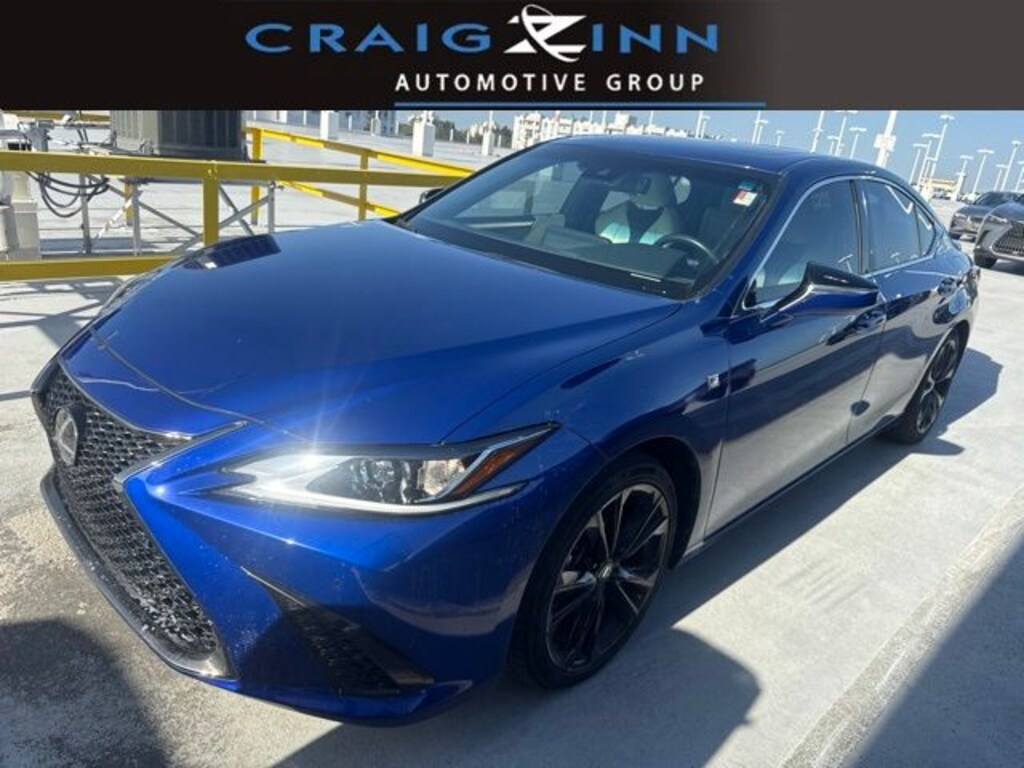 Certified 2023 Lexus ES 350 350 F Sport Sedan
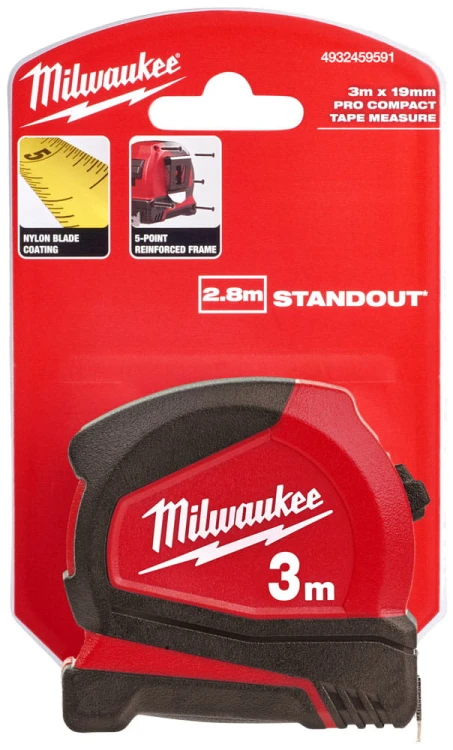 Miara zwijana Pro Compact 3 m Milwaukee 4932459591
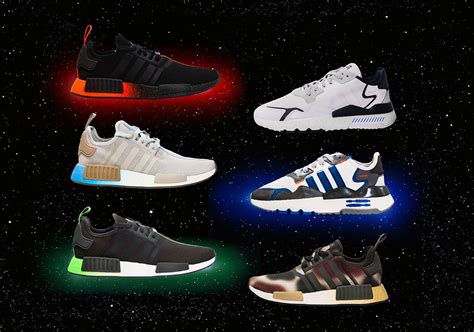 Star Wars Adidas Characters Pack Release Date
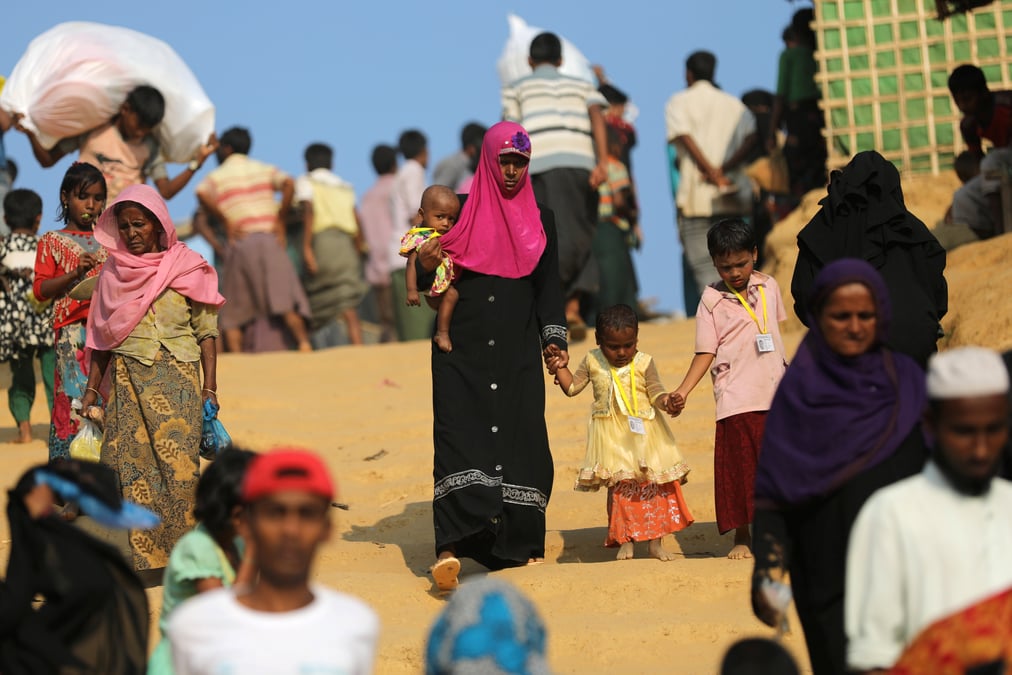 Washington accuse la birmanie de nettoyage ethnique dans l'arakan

EXERCISE OBJECTIVE :: Transcribe everything above exactly. Do not include the pictures.

RESULT ::
 Certified 2023 Lexus ES 350 350 F Sport Sedan
 Miara zwijana Pro Compact 3 m Milwaukee 4932459591
 Star Wars Adidas Characters Pack Release Date
 Washington accuse la birmanie de nettoyage ethnique dans l'arakan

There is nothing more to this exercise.